Photo: Brendam McHale

Crème Anglaise Flavoring Basics

At its core, crème anglaise has a recipe ratio of one cup of milk (liquid) to one cup of cream (fat) to four egg yolks and half a cup of sugar. “Once you learn that, you can start playing,” Skurnick says. For the milk, try subbing in equal parts raspberry purée or dark soy sauce. For the cream, try cream cheese or coconut milk. For sugar, dry sugars like coconut, date or molasses shift the flavor profile while keeping the process steady.

Beyond substitutions, flavorful steeping options are endless, like vanilla, espresso beans or cinnamon sticks. “Not every flavor works,” Skurnick warns. “There are certain things egginess just does not lend itself to.” Through years of experimentation, he’s learned grapefruit does not pair as well as lemon. Passion fruit, however, tastes heavenly—papaya does not. “But even when it’s bad, you can turn it into ice cream or pour it over chocolate—it still works. Have fun with it. Steep something interesting: doughnuts, corn bread, oak chips, dried leaves.”

Once you’re done subbing and steeping, use Skurnick’s Secret Weapon in these classic and festive ways throughout the holidays and well into the New Year.

 Simple Sauce for Cake

The texture of straight crème anglaise “makes a lovely sauce poured over chocolate cakes or sticky pudding.” For festive winter flavors, think adding warm winter spices, like tobacco or applewood chips, to your base. Or sub out the cream for cream cheese, and you have the perfect sauce for carrot cake.

 The Very Best Eggnog

“For Christmas, an anglaise will give you the very best eggnog you’ve ever had,” Skurnick promises. Toast whole nutmeg, cinnamon sticks and allspice until aromatic. Add your milk and cream. The next day, strain out the spices, add the alcohol, and you’re good to go. It’s like drinking straight crème anglaise with a boozy kick to it.

 Make a Mousse

Use the aforementioned ‘nog for the booziest mousse in town. Skurnick instructs to go heavy on the spices, “’cause we’re gonna add another pint of plain unflavored whipped cream to it.” To the warm eggnog anglaise, add four sheets of bloomed gelatin (or eight grams of powdered gelatin). Meanwhile, whip one pint of cream to soft peaks. Add a tablespoon or two of booze to the mix if desired, but not too much—it’ll alter the consistency of the mousse. Once the gelatinous anglaise is cool to the touch but not set, fold in the whipped cream, then set in cups or mugs.

 Frozen Custard Cream

Once the crème anglaise is set, toss it into any standard ice cream machine and spin until a decadent frozen custard forms.

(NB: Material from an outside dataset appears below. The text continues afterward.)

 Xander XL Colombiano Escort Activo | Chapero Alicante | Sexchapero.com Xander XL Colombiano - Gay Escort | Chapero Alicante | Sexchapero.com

 Classic (or Candy Cane!) Crémeux

“I like to think of crémeux as ganache’s more decadent cousin,” Skurnick jokes. Stir the anglaise into a pot with equal parts melted chocolate until the two are fully emulsified. Once set, it’s crémeux. Use it to fill cake layers or sandwich cookies, plate artfully alongside another dessert, “or just eat it straight from the container.”

When considering steeping options, think darker flavors like burnt oranges or strong black tea. “Don’t be a wimp,” he advises, or they’ll be lost among the chocolate. Or flip the profile and go white chocolate and candy cane: Pulse enough candy canes in a food processor until you have half a cup, then sub into your anglaise base recipe. Pour it over 325 grams of white chocolate (add more mint extract if you want it stronger), and you’ve got candy cane crémeux to wow those holiday cookie exchanges.